▶ _REQUIRED WORK_: Give back every record below precisely as written.

[Dataset records]
════════

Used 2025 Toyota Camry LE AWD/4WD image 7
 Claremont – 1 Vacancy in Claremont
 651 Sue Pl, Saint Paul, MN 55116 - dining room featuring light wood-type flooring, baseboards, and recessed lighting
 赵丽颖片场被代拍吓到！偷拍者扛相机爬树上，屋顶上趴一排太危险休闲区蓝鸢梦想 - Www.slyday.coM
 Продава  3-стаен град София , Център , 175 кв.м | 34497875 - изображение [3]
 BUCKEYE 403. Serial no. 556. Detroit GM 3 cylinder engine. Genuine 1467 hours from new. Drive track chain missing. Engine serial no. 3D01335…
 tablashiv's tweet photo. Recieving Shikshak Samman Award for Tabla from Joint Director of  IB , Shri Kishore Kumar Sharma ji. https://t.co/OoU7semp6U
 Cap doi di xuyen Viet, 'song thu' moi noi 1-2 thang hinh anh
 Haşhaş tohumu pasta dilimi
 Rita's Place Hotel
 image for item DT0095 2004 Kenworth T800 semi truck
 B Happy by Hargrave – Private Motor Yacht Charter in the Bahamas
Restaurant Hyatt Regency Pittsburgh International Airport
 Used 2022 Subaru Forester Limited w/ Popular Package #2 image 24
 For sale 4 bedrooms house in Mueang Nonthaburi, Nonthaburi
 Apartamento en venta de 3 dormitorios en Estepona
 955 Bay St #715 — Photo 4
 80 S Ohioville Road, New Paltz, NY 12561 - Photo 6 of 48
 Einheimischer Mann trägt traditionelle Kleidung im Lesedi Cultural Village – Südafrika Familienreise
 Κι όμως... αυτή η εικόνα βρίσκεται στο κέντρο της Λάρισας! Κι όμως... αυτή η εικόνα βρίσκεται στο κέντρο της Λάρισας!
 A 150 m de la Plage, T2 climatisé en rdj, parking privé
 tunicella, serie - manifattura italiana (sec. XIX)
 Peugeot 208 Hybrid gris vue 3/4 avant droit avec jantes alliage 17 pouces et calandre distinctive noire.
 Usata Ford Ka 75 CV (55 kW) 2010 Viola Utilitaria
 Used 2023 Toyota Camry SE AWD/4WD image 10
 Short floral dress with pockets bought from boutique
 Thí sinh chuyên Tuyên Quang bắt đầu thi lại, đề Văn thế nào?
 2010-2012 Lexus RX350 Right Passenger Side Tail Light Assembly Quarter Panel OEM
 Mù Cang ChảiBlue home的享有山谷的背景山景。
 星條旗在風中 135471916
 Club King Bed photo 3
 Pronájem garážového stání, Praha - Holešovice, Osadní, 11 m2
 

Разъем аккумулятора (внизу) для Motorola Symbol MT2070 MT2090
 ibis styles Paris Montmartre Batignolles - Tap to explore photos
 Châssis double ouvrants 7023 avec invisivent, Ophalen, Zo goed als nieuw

════════

▶ _RESULT BELOW_:
Used 2025 Toyota Camry LE AWD/4WD image 7
 Claremont – 1 Vacancy in Claremont
 651 Sue Pl, Saint Paul, MN 55116 - dining room featuring light wood-type flooring, baseboards, and recessed lighting
 赵丽颖片场被代拍吓到！偷拍者扛相机爬树上，屋顶上趴一排太危险休闲区蓝鸢梦想 - Www.slyday.coM
 Продава  3-стаен град София , Център , 175 кв.м | 34497875 - изображение [3]
 BUCKEYE 403. Serial no. 556. Detroit GM 3 cylinder engine. Genuine 1467 hours from new. Drive track chain missing. Engine serial no. 3D01335…
 tablashiv's tweet photo. Recieving Shikshak Samman Award for Tabla from Joint Director of  IB , Shri Kishore Kumar Sharma ji. https://t.co/OoU7semp6U
 Cap doi di xuyen Viet, 'song thu' moi noi 1-2 thang hinh anh
 Haşhaş tohumu pasta dilimi
 Rita's Place Hotel
 image for item DT0095 2004 Kenworth T800 semi truck
 B Happy by Hargrave – Private Motor Yacht Charter in the Bahamas
Restaurant Hyatt Regency Pittsburgh International Airport
 Used 2022 Subaru Forester Limited w/ Popular Package #2 image 24
 For sale 4 bedrooms house in Mueang Nonthaburi, Nonthaburi
 Apartamento en venta de 3 dormitorios en Estepona
 955 Bay St #715 — Photo 4
 80 S Ohioville Road, New Paltz, NY 12561 - Photo 6 of 48
 Einheimischer Mann trägt traditionelle Kleidung im Lesedi Cultural Village – Südafrika Familienreise
 Κι όμως... αυτή η εικόνα βρίσκεται στο κέντρο της Λάρισας! Κι όμως... αυτή η εικόνα βρίσκεται στο κέντρο της Λάρισας!
 A 150 m de la Plage, T2 climatisé en rdj, parking privé
 tunicella, serie - manifattura italiana (sec. XIX)
 Peugeot 208 Hybrid gris vue 3/4 avant droit avec jantes alliage 17 pouces et calandre distinctive noire.
 Usata Ford Ka 75 CV (55 kW) 2010 Viola Utilitaria
 Used 2023 Toyota Camry SE AWD/4WD image 10
 Short floral dress with pockets bought from boutique
 Thí sinh chuyên Tuyên Quang bắt đầu thi lại, đề Văn thế nào?
 2010-2012 Lexus RX350 Right Passenger Side Tail Light Assembly Quarter Panel OEM
 Mù Cang ChảiBlue home的享有山谷的背景山景。
 星條旗在風中 135471916
 Club King Bed photo 3
 Pronájem garážového stání, Praha - Holešovice, Osadní, 11 m2
 

Разъем аккумулятора (внизу) для Motorola Symbol MT2070 MT2090
 ibis styles Paris Montmartre Batignolles - Tap to explore photos
 Châssis double ouvrants 7023 avec invisivent, Ophalen, Zo goed als nieuw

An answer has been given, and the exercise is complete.